API Reference
ASR — Speech Recognition
LiveTranscribe Swahili audio into text. Fine-tuned for natural Swahili speech with a 13.5% word error rate — roughly half the error of multilingual baselines.
Endpoint
POST /v1/speech-to-text/
Upload an audio file as multipart/form-data and receive a Swahili transcript. Accepts WAV, MP3, WebM, FLAC, and OGG up to 25 MB.
Authentication
Pass your API key in the xi-api-key header. See Authentication.
Form fields
| Field | Type | Required | Description |
|---|---|---|---|
audio | file | Yes | Audio file. Must have an audio/* MIME type. Maximum 25 MB. |
language | string | No | ISO 639-1 language code. Defaults to sw. Other supported values: en, fr, de, es, pt, ar, zh, ja, ko, ru. |
Response
json
{
"text": "Habari za asubuhi.
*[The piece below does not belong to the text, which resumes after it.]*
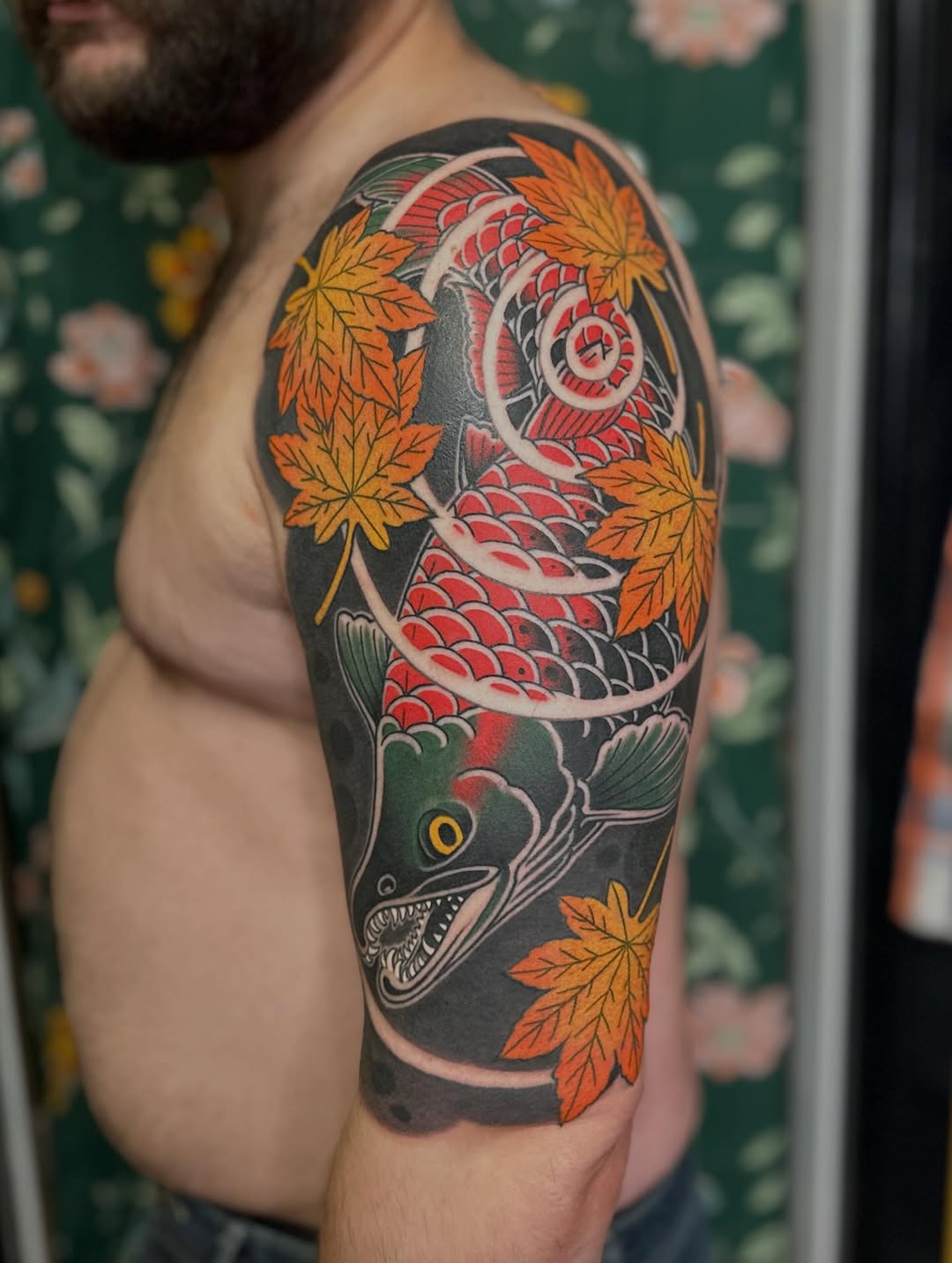 Tattoo by @megonshoretattoo โ japanese_irezumi, illustrative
Karibu sana.",
"language": "sw",
"duration_seconds": 2.41
}Examples
bash
curl -X POST https://sauti.finiflowlabs.com/v1/speech-to-text/ \
-H "xi-api-key: YOUR_KEY" \
-F "audio=@sample.wav;type=audio/wav" \
-F "language=sw"python
import requests
with open("sample.wav", "rb") as f:
response = requests.post(
"https://sauti.finiflowlabs.com/v1/speech-to-text/",
headers={"xi-api-key": "YOUR_KEY"},
files={"audio": ("sample.wav", f, "audio/wav")},
data={"language": "sw"},
)
response.raise_for_status()
print(response.json()["text"])Model details
- Model:
Finiflowlabs/sauti-asr-v1— published on HuggingFace. - Test WER: 13.52% · Test CER: 3.85%.
- Trained on ~89 hours of Swahili speech, evaluated on the FLEURS
sw_ketest split. - Sample rate: any (resampled internally to 16 kHz mono).
Limits & errors
413— audio file exceeds 25 MB.422— invalid audio format or unsupported language.429— rate limit exceeded. See Rate Limits.